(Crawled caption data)
****
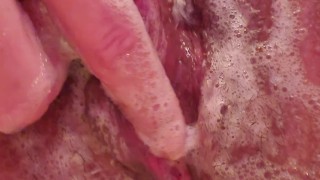 Soapy, wet pussy being played with in a bubble bath. 
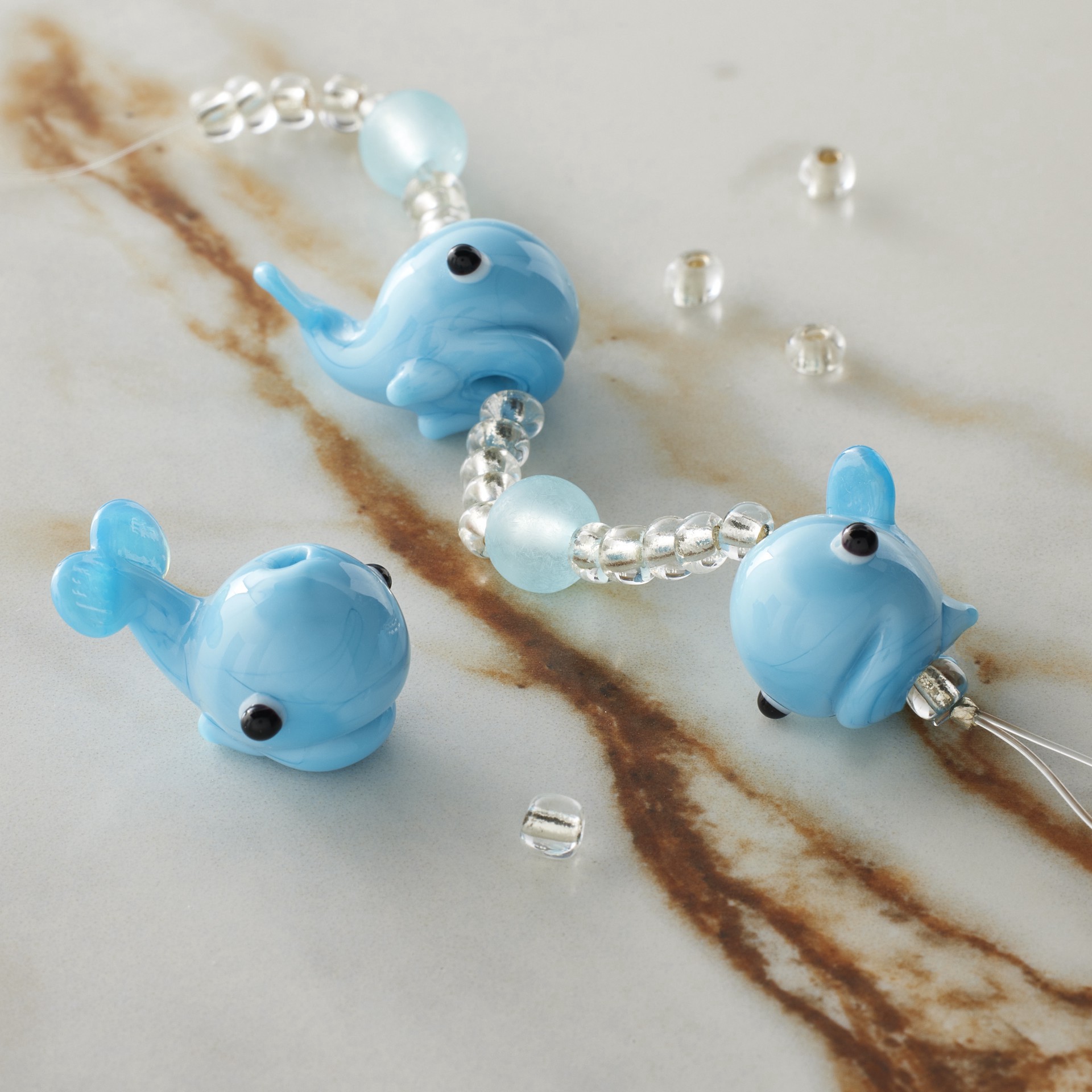 slide 2 of 3, Blue Lampwork Glass Whale Beads By Bead Landing, 13mm x 19mm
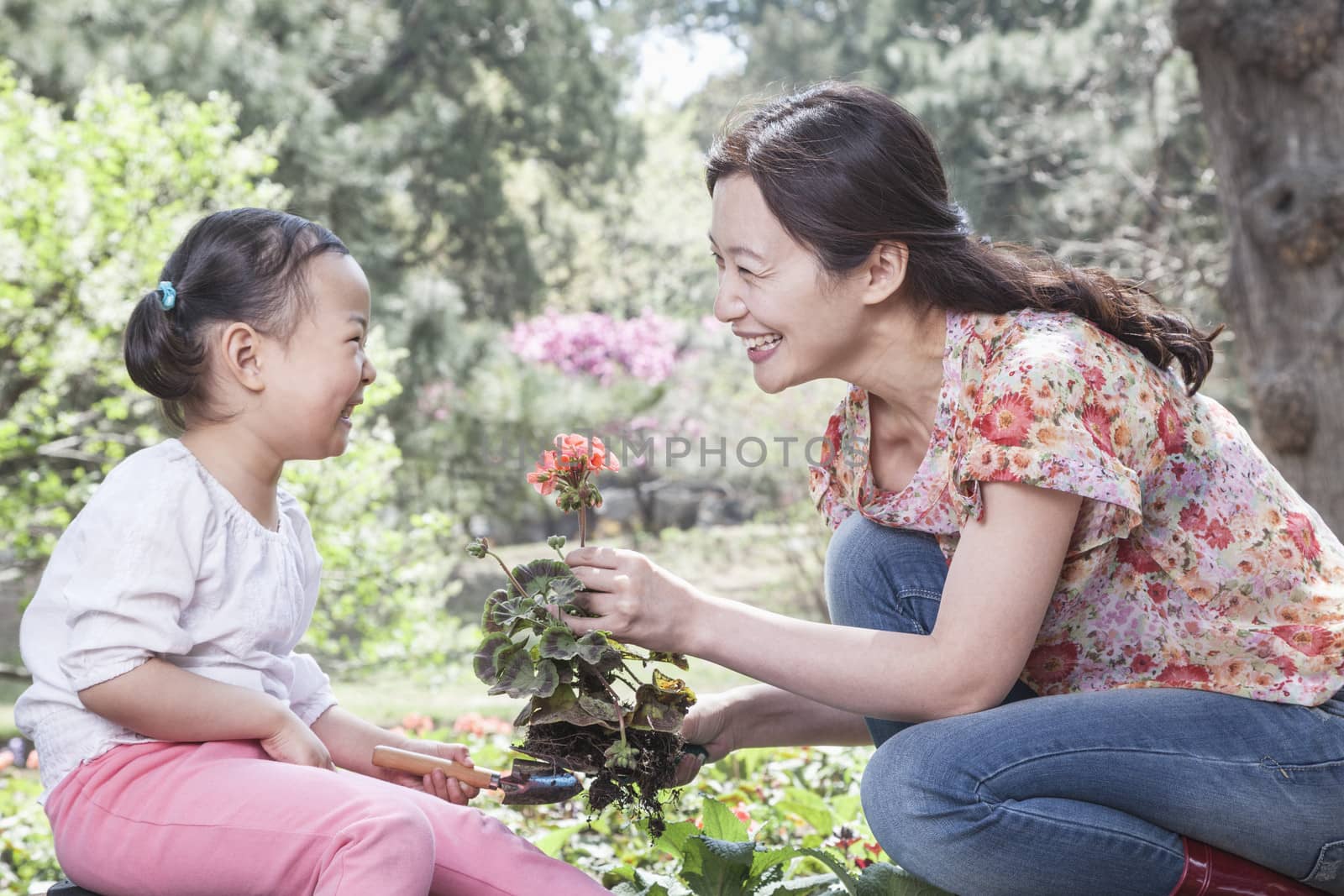 Mother and daughter planting flowers. by XiXinXing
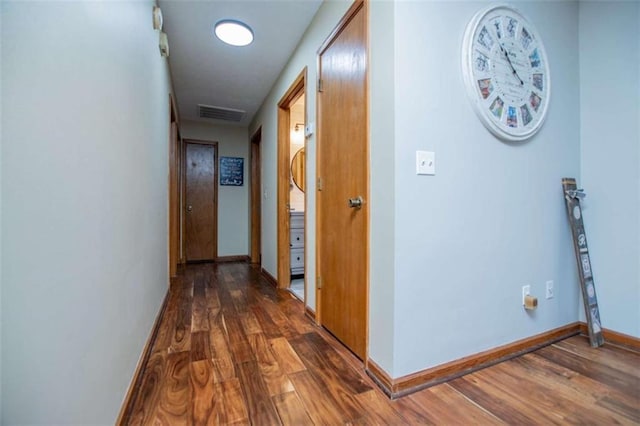 hallway with visible vents, baseboards, and wood finished floors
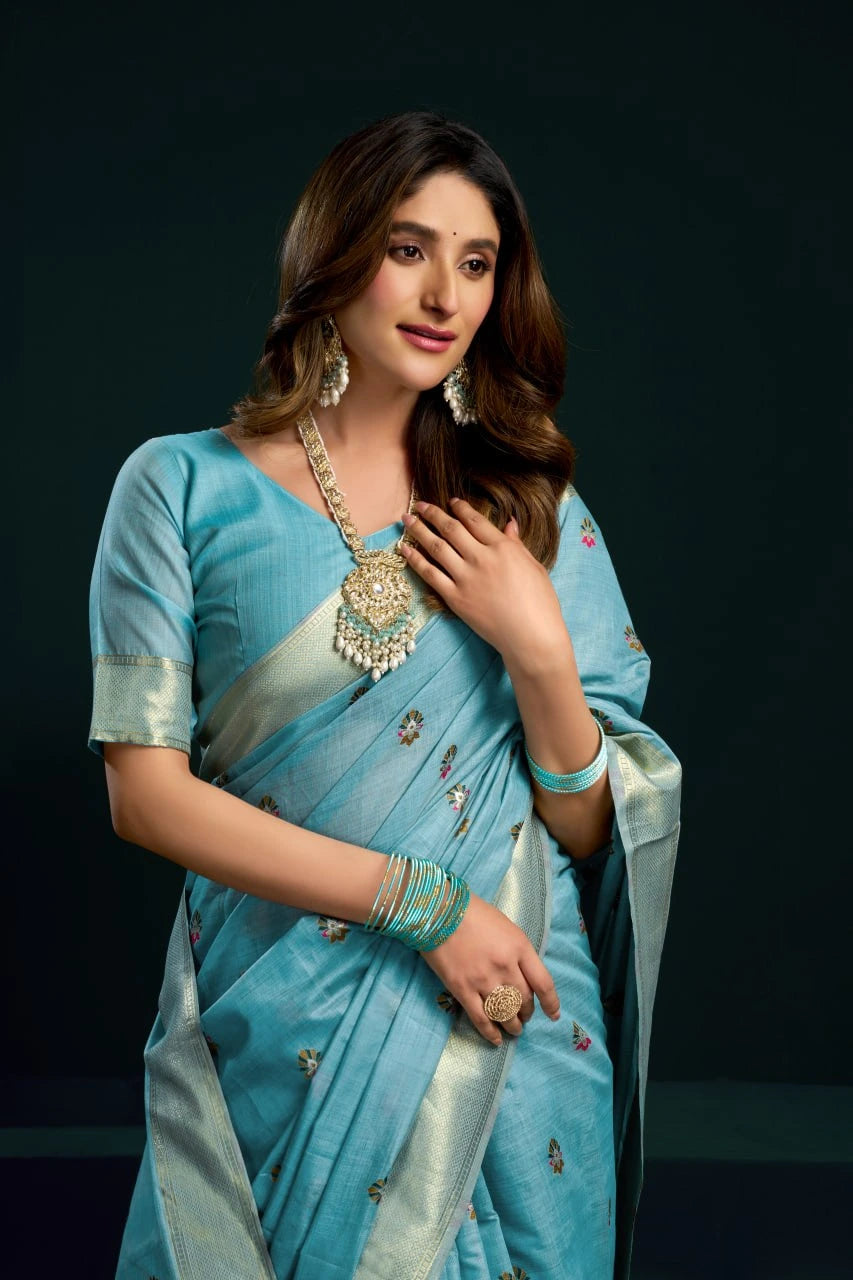 Woman in a light blue saree with silver border against a dark background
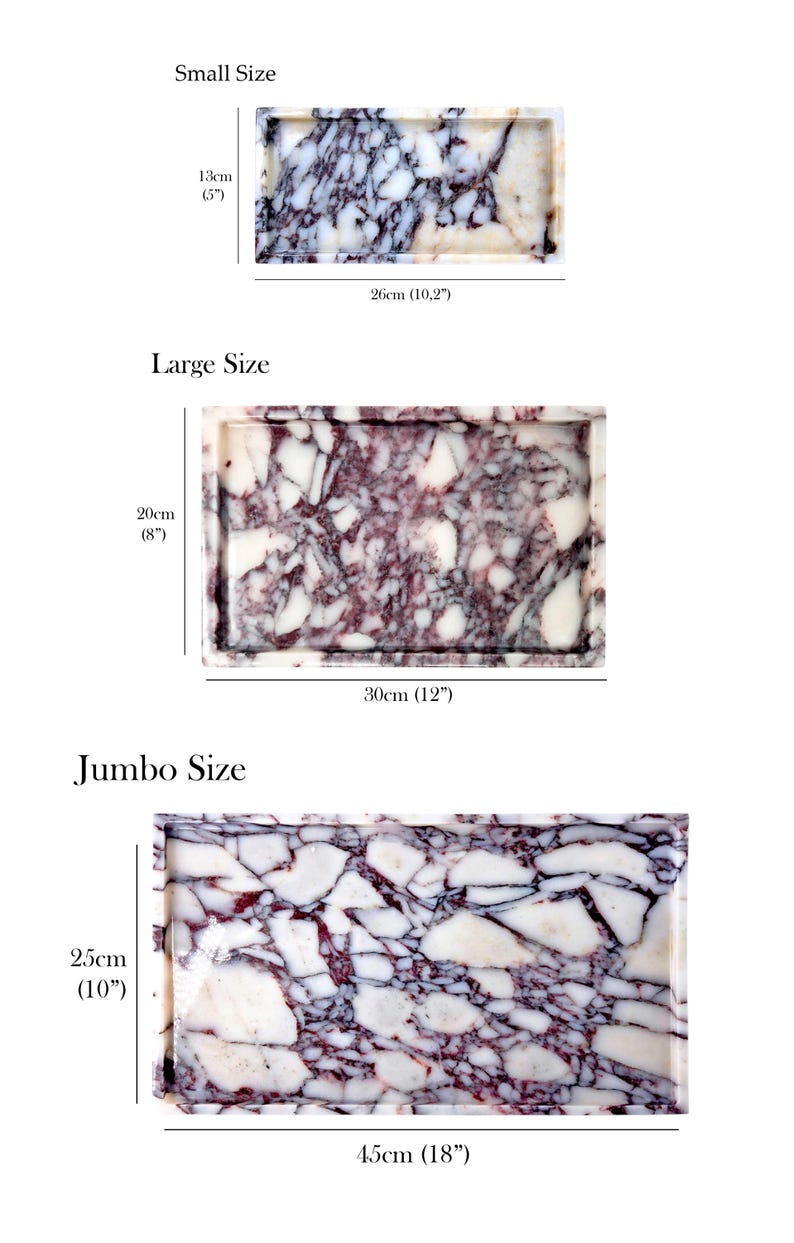 May include: Three rectangular marble trays in varying sizes: small (13cm x 26cm), large (20cm x 30cm), and jumbo (25cm x 45cm). The trays display a white and purple veined pattern and have a raised edge.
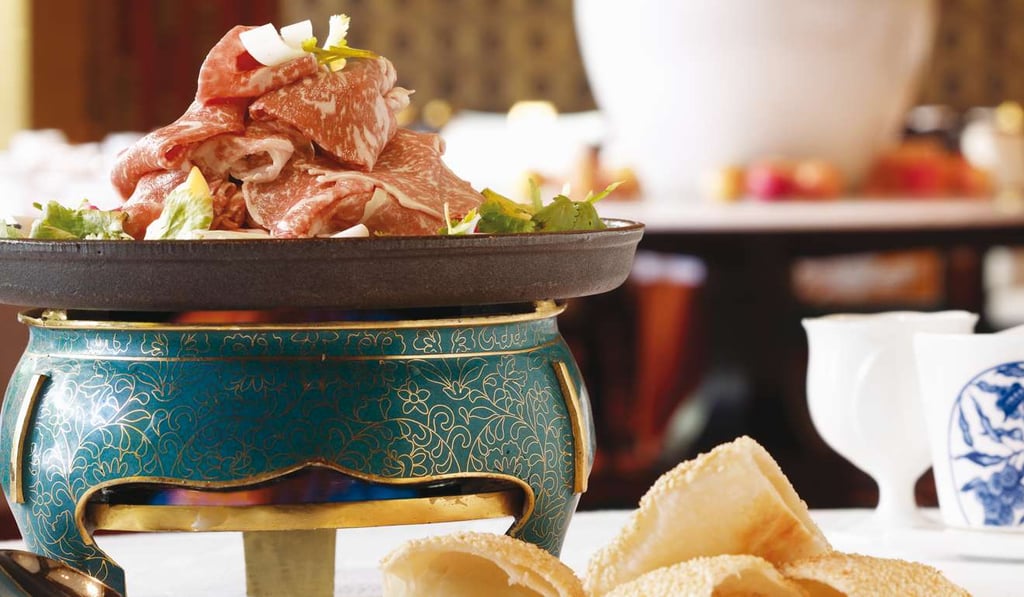 Broiled beef slices served with sesame puffs at Golden Flower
****
Starting at the line that contains "slide 2 of 3, Blue" and ending with the last line of the data, transcribe every line exactly; skip the pictures.

## REPLY
 slide 2 of 3, Blue Lampwork Glass Whale Beads By Bead Landing, 13mm x 19mm
 Mother and daughter planting flowers. by XiXinXing
 hallway with visible vents, baseboards, and wood finished floors
 Woman in a light blue saree with silver border against a dark background
 May include: Three rectangular marble trays in varying sizes: small (13cm x 26cm), large (20cm x 30cm), and jumbo (25cm x 45cm). The trays display a white and purple veined pattern and have a raised edge.
 Broiled beef slices served with sesame puffs at Golden Flower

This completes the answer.